Both women are Democrats, but President Barack Obama’s decision last month to endorse Harris - the state attorney general - was a capstone in her ascent.

She’s had an edge in polls and fundraising from the start and is reaping all the advantages of being the favorite of the Democratic establishment in a state where the party has a hammerlock on political power.

Meanwhile, Sanchez, a House member from Orange County, has been struggling to raise money she desperately needs for advertising to change the trajectory of the race.

She’s also had a series of verbal flubs and finds herself in the odd position of sharply criticizing her party’s president for taking sides in the race, while she tries to lure Republican votes in hopes of gaining traction in the race.

“What’s shaping the dynamics of this race are Kamala Harris’ superiority in financial resources, and that she was able to lock down the vast majority of the key endorsements,” said Democratic media consultant Roy Behr, whose clients have included the senator vacating the seat, retiring Democrat Barbara Boxer.

Without a surge of money into the campaign “for all intents and purposes, this race is never even going to happen,” said Behr, who is not affiliated with either current candidate.

The race has historic overtones. Sanchez could be one of the first Latinas in the U.S. Senate, and Harris just its second elected black woman and the first of Indian descent. But the contest has become a barely visible undercard, overshadowed by the daily drama of the presidential race.

Everyone has an opinion on Donald Trump vs. Hillary Clinton. But the low-key Senate contest has so far gone unnoticed by Julissa Garcia, 18, a veterinary student at East Los Angeles College.

Garcia, who has yet to register to vote, shook her head side to side and looked uncertain when asked if she recognized the name of either candidate.

“I don’t know enough to make an informed decision,” echoed fellow student Joseph Holguin, 32, a registered independent who was sharing a picnic table with Garcia on campus.

It hasn’t helped that the Senate race has been politically one-sided, with the two Democrats promoting close to mirror images on immigration reform, the Affordable Care Act, climate change, boosting the minimum wage and abortion rights.

Fallout from the presidential race has been shaping other races around the U.S. But with so much in common on big issues, Harris and Sanchez have dueled over who is better prepared for the office - a 10-term congresswoman or a career prosecutor.

Harris, 51, and Sanchez, 56, landed in a November runoff after topping a field of 34 candidates, mostly obscure contenders in the June primary. Under California election rules, only the top two vote-getters advance to the general election, regardless of party affiliation.
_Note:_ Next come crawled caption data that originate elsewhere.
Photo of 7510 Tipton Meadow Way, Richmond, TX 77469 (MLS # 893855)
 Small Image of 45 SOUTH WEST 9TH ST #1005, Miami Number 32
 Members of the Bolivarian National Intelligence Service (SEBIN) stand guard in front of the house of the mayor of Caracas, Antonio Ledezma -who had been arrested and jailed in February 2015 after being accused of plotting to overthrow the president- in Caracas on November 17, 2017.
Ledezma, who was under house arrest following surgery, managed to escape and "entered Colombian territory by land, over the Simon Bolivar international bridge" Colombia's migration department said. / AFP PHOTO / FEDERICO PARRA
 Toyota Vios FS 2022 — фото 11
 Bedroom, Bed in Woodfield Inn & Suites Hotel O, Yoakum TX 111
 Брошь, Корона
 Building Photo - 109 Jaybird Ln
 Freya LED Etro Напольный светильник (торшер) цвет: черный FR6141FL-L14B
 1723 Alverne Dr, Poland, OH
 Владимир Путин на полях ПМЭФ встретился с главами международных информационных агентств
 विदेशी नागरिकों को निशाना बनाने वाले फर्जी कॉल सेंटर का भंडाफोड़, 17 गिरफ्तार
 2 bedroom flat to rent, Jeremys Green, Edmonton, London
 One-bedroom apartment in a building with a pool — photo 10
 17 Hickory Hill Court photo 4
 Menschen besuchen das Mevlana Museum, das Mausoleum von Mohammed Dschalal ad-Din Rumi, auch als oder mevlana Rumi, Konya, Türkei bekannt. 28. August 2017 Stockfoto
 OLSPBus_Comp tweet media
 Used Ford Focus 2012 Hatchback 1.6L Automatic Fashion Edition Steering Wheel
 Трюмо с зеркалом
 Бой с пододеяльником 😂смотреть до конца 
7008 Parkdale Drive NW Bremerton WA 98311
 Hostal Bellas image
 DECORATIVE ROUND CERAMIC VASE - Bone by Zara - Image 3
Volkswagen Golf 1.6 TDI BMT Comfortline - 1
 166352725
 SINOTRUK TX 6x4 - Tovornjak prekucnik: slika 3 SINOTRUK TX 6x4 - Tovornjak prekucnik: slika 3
The matchup marks the first time since voters started electing senators a century ago that Republicans will be absent from California’s general election ballot, reaffirming the GOP’s ailing condition in the state where Democrats hold every statewide office and a 3.1-million edge in registered voters.

In a significant blow to Sanchez, Harris has captured endorsements from the Legislature’s Democratic leaders, who are both Hispanics.

An independent Field Poll last month pegged Harris’ lead at 15 points. A nonpartisan Public Policy Institute of California also released in July gave Harris a nearly 2-1 edge, 38 percent to 20 percent, with the remainder either undecided or not planning to vote.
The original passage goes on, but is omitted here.